Any guidance would be greatly appreciated!

After working through some of the math behind the model I was able to come up with this version (which is equivalent as far as I can tell).

def model(data):
    T = len(data)
    sigma = pyro.sample('sigma', dist.Exponential(50.))
    nu = pyro.sample('nu', dist.Exponential(.1))
    shifts = pyro.sample("h_t", dist.Normal(loc=torch.zeros(T), scale=torch.ones(T) * sigma))
    h_t = torch.cumsum(shifts, dim=0)
    y = pyro.sample("returns", dist.StudentT(df=nu, loc=torch.zeros(1), scale=(torch.exp(2*h_t) + 1e-12)), obs=torch.tensor(data))
    return y

This does run much faster than the previous version, but my acceptance rate is still zero (or so small that I can’t see the non-zero digits on the logs). Any suggestions as to how I could alleviate this?

One thing that you could try is to see if HMC runs on this with a small step size, and turn off step size adaptation. If that runs fine, it could indicate some issue with our step size adaptation.

Your simplified version can be simplified more by using the property of Gaussian random walk
h_t = pyro.sample('h_t", dist.Normal(0, T * sigma)) (just heuristic, you should correct the shape here). So no need for torch.cumsum.

Ref: Random walk - Wikipedia

Edit: I am wrong here.

What happened if you change it to scale=torch.exp(h_t)?

Thank you again for the reply.
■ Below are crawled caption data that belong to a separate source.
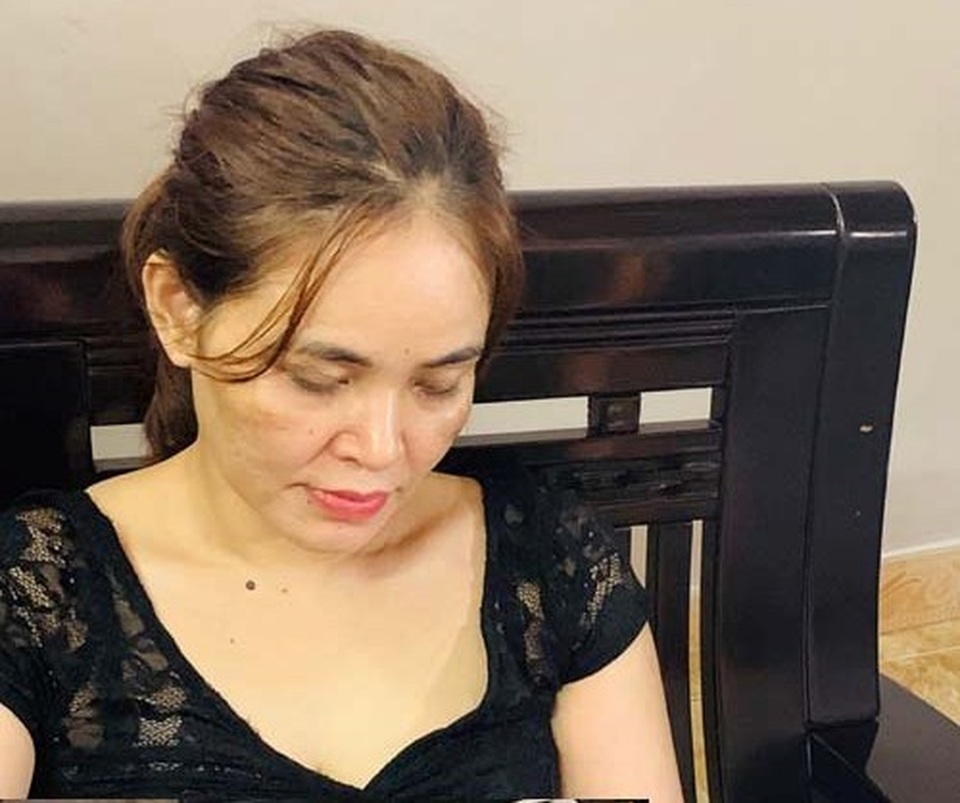Công an phá cửa bắt “nữ quái” tàng trữ ma túy và súng - 2 Công an phá cửa bắt “nữ quái” tàng trữ ma túy và súng - 2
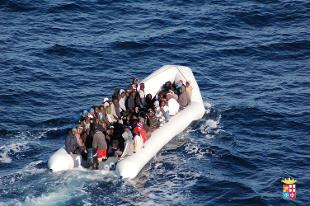 Lampedusa. Mille migranti soccorsi dalla Marina Militare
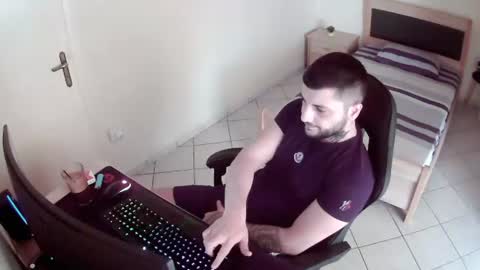 alexthepro00 online show from 06-17-26, 04:52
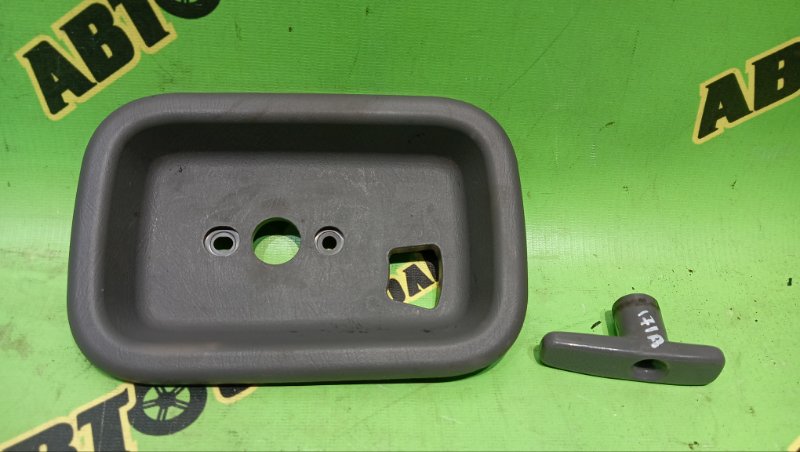 Ручка задней двери NISSAN CARAVAN DWGE25 ZD30(DDTI) 2007 (б/у)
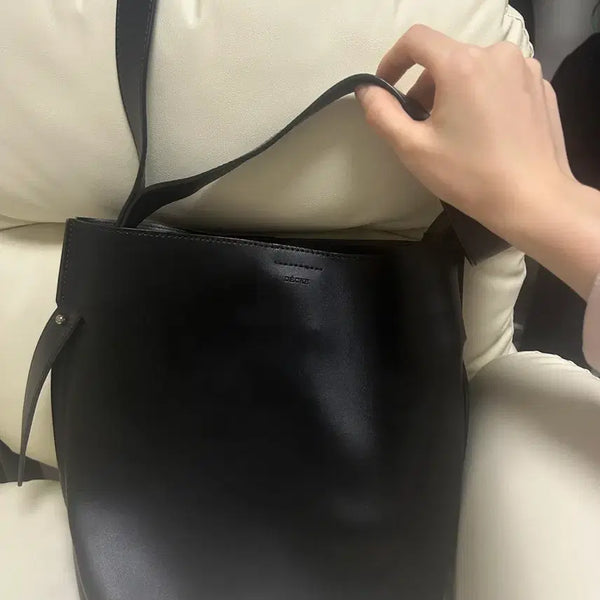 [BUNJANG] DECKLE Shoulder Bag Black / 덱케 숄더백 블랙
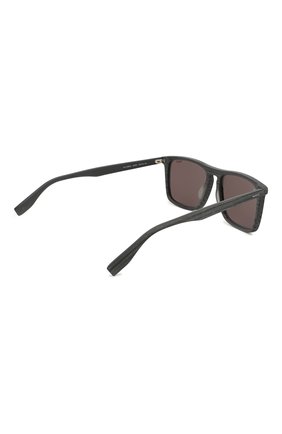 Мужские солнцезащитные очки BOSS темно-серого цвета, арт. 0320 2X8 | Фото 3 (Тип очков: С/з; Статус проверки: Проверено, Проверена категория; Очки форма: Прямоугольные; Оптика Гендер: оптика-мужское)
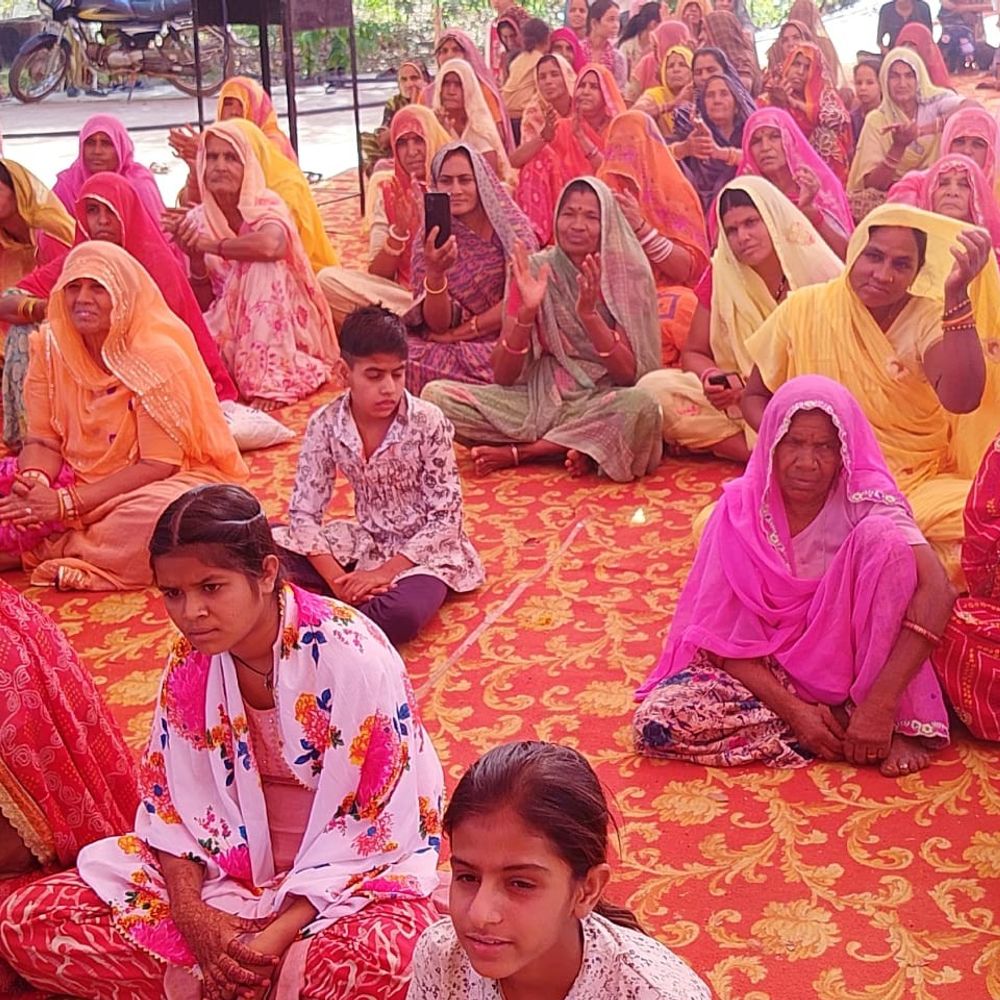 नीमच में शिव महापुराण में बोले-कथावाचक:बाथरूम में स्नान के दौरान हर-हर गंगे का स्मरण करने से मिलेगा गंगा स्नान का पुण्य
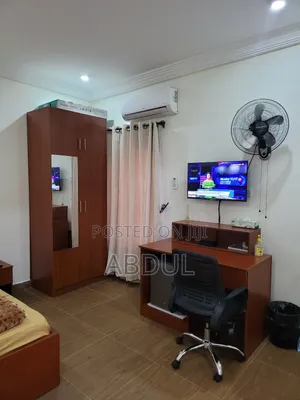 Studio Apartment With Ps4 {On Request}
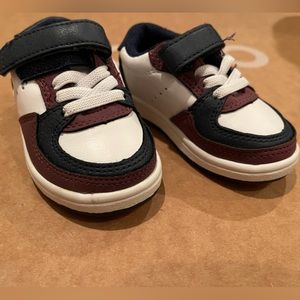 Boys Colorblock Low Top Sneakers - White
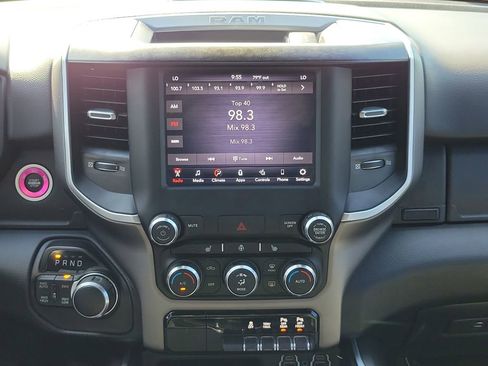 Used 2020 RAM 1500 Big Horn AWD/4WD image 16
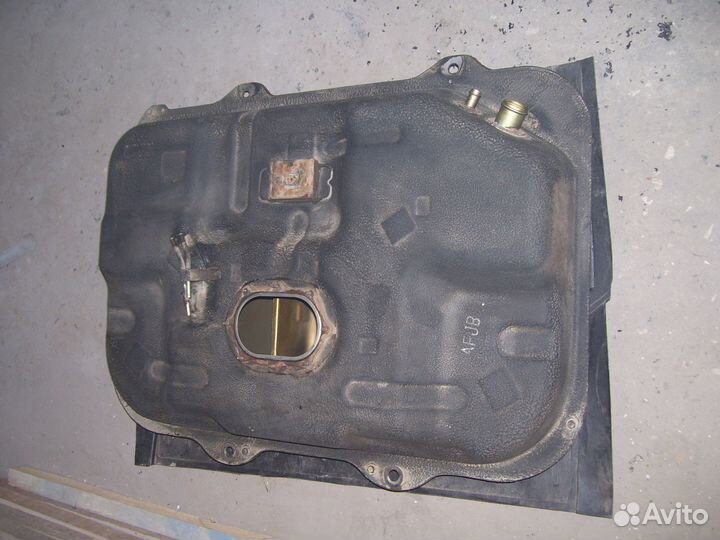 Хендай матрикс бак топливный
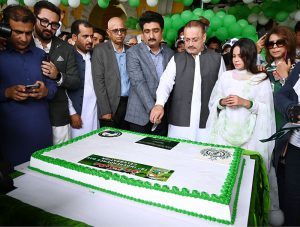Sindh Information and Transport Minister Sharjeel Inam Memon and Minister for Culture and Tourism Syed Zulfikar Shah cutting ribbon to inaugurate Special Azadi Train from Karachi to Tharparkar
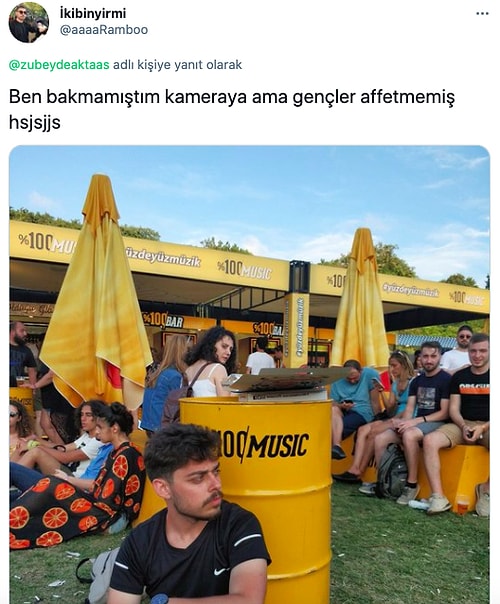 Fotoğraflara Birden Dahil Olan İnsanlarla Birlikte Kendi Çapında Rönesans Tablosu Yaratanlardan Komik Kareler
I turned off the step size adaption and tried a few small step sizes as you suggested. It seemed to have no improvement on the acceptance rate. Any reasons you could think of?

I tried this and it barely had any influence on the acceptance rate from what I observed… (Adding 1e-12 is just to make the function more stable so that it won’t complain about invalid scale values.)

It is interesting. It seems that accumulating a long sequence causes a precision issue. I will try to implement GaussianRandomWalk and will get back to you.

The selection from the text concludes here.